▸ REQUIREMENT:
Using the listing below, print the line containing "Designart 'Black Cat", the line containing "Os sokneprestembete, AV/SAB-A-99929: Parish", and each line between them, exactly and nothing else. Pictures stay out of the print.

▸ GIVEN INFORMATION:
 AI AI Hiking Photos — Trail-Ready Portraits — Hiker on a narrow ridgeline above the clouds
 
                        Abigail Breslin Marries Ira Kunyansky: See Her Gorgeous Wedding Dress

==

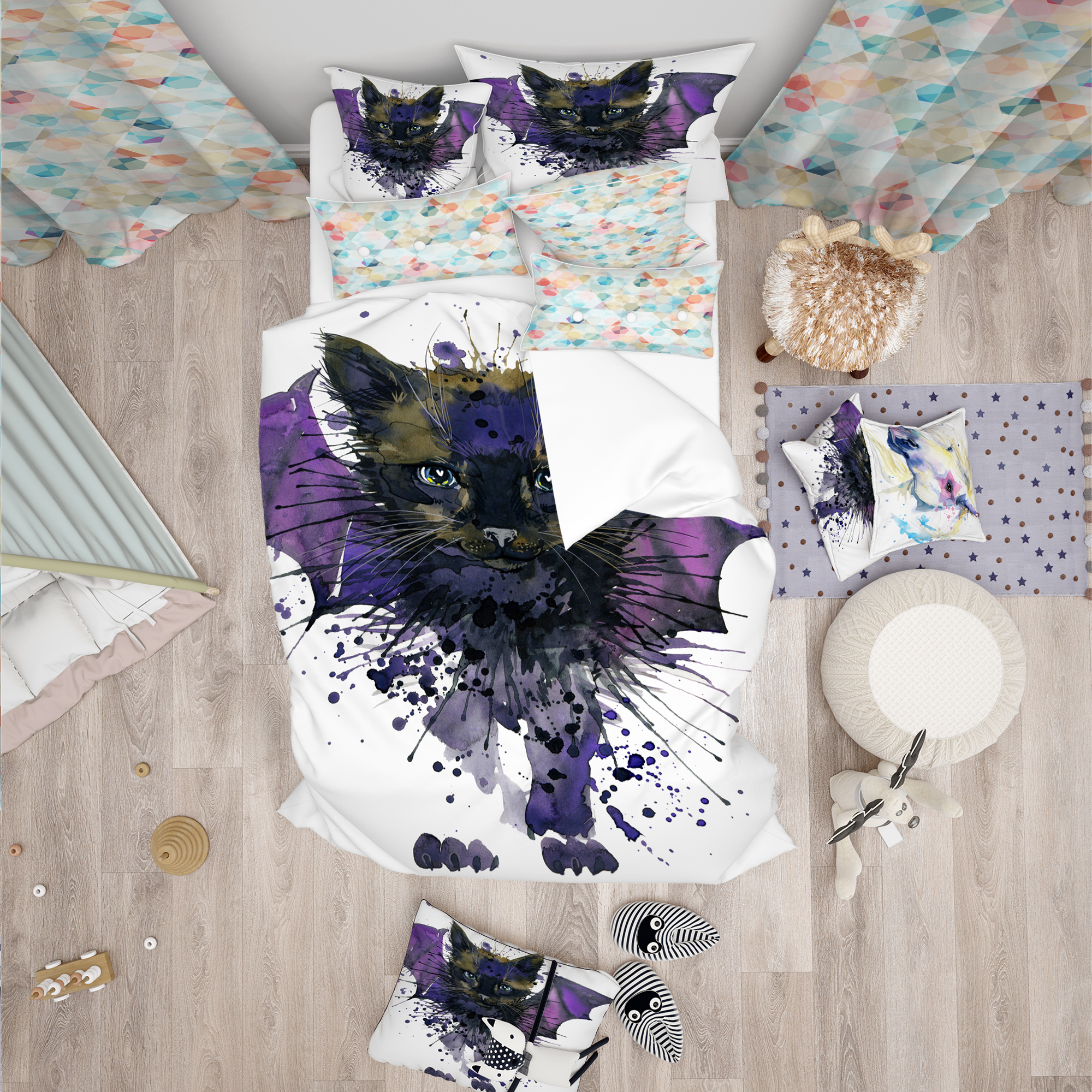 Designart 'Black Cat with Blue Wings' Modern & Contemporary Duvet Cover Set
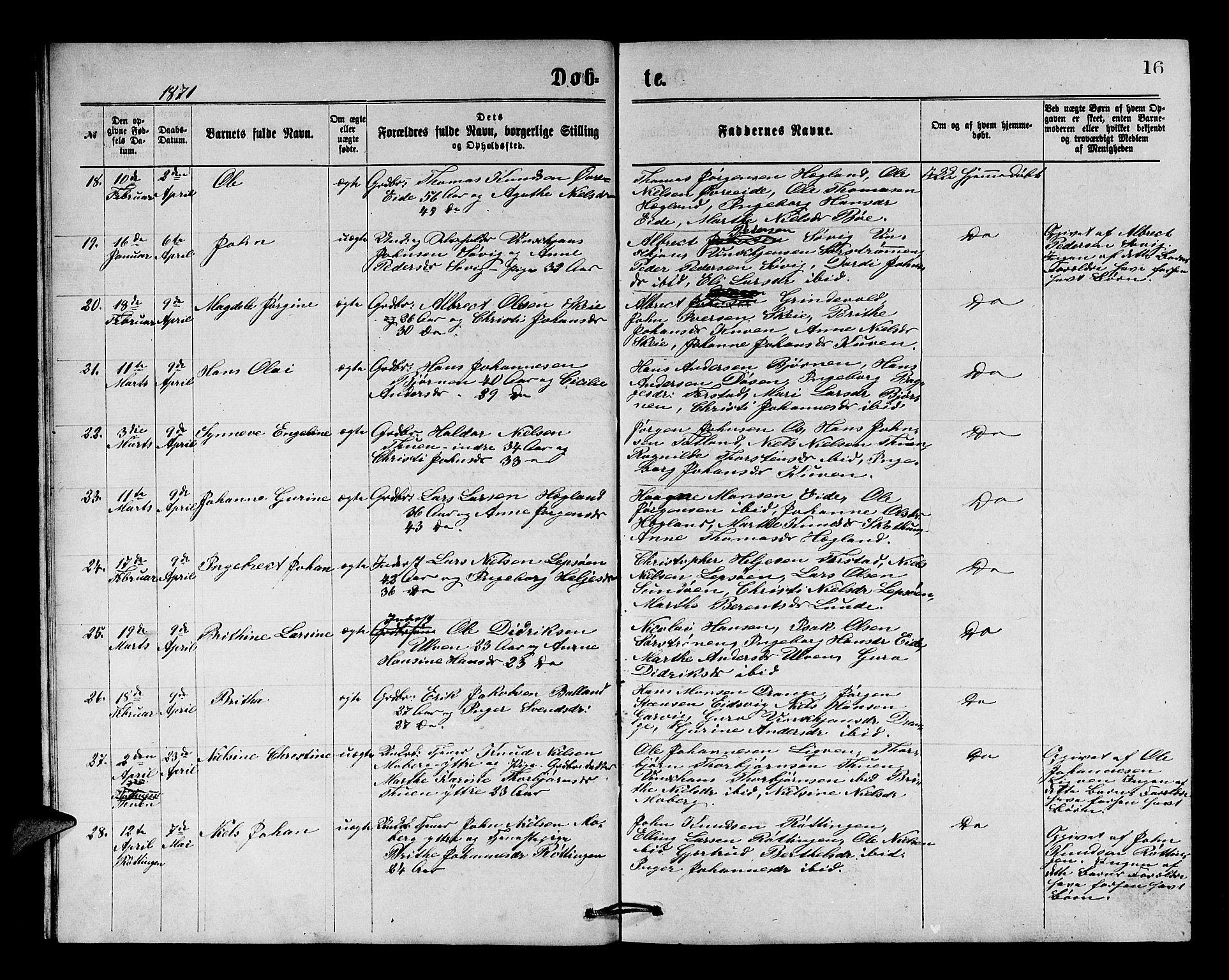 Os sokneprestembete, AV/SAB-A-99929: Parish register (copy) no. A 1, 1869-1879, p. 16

▸ RESULT OF THIS TASK:
 Designart 'Black Cat with Blue Wings' Modern & Contemporary Duvet Cover Set
 Os sokneprestembete, AV/SAB-A-99929: Parish register (copy) no. A 1, 1869-1879, p. 16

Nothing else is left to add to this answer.